Juliana Bicycles

Grinduro Scotland

 

Grinduro Scotland 2019

8月 01 — 2019

 

Juliana Bicycles

Rachael Walker is a Juliana Ambassador and Brand Manager of Hope Technology. She has traveled to all the corners of the world on her mountain bike and has one of the best Instagram accounts to inspire your next ride. 
 
On her most recent outing, Rachael raced the Grinduro Scotland where she placed 2nd. 

 

Why race Grinduro? I often refer to myself as a rider or a cyclist... not an enduro rider, or a downhiller, or a roadie, or an XC’er. I genuinely love all types of riding. One of the great things about Grinduro is that it’s a bridge between the two worlds of mountain biking and road, whilst also giving a platform for those who love gravel. What’s also great is that pretty much anyone can ride it, and you can ride together with a group of friends. It’s an event focusing on the experience, the ride, the trails, the laughs, and most of all the party.

The experience starts with the ferry crossing to the Isle of Arran from the mainland of Scotland. Scotland as a country is pretty diverse. On the West, the mountains are rugged, steep and rocky. On the East, they are slightly smaller and mainly covered in heather based moorland and pine forests. The Isle of Arran is a special little place...it's almost a micro version of Scotland on one island, capturing all the best parts (except the midges).
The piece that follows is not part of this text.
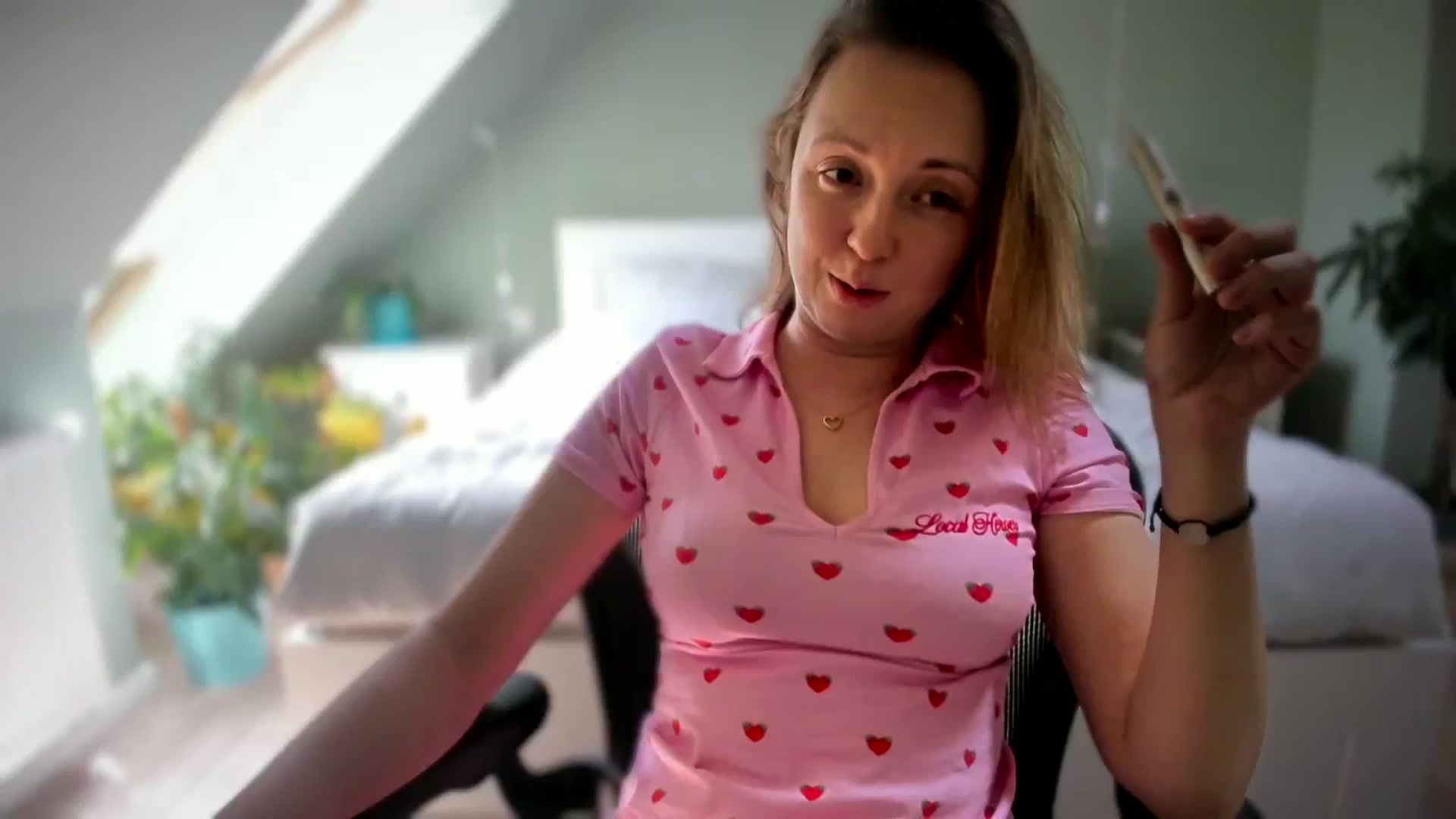 Gallery image thumbnail from AliceSmiley's myfreecams stream on, 04/11/2024, 11:15 image 1 of 20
As riders start to arrive at the event village I recognise many from last year, but many are also new. All are excited for the next 24 hours. 

Grinduro is so relaxed and friendly that you don’t really feel like you’re at a race. It felt like I was just off for a cafe ride with friends rather than lining up for a race. We were more worried about whether it would rain rather than anything else! Everywhere you looked people were grinning and joking - something you don’t normally see on the start line of a race. 

The race started with some whoops and cheers from the 300 or so riders as we funnelled onto the main road by the coast then quickly onto a singletrack climb which popped us out at the start of stage 1 - a super fast fire road descent. The next stage would be more type 2 fun, a pure uphill punchy stage. The second part of the day was longer, with two stages in the middle of 50km.

To be honest, I was looking forward to the transitions more than the stages. I remembered some pretty technical sections in some of the transitions from the previous year and couldn’t wait to tackle them on the Quincy. After stage three I knew the best part of the day was coming up. We were treated to a long steep loose rocky descent down to the coast followed by a technical rooty traverse in the woods. 

The technical sections are where the Quincy is the most fun. Things get loose, you get out of control, you’re on the brakes a lot, whilst trying to be smooth and move around on the bike. These sections wouldn’t really be a consideration on a mountain bike, but on a gravel bike, they force you to think carefully about line choice. For me, this is the beauty of gravel riding, as the bikes bring on a whole new challenge to your riding.

With all four stages done we handed in our timing chips and headed to the beach for the all important gin and ice cream. We had 85km and 2000m of climbing in our legs and huge smiles on our faces. The stages had been fun and hard, the transitions were even better. But more importantly, we had a brilliant 6 hours of riding on our bikes with good friends. I’d had an awesome day “maxin”... now it was time for some “relaxin”.

 

See you next year Grinduro Scotland!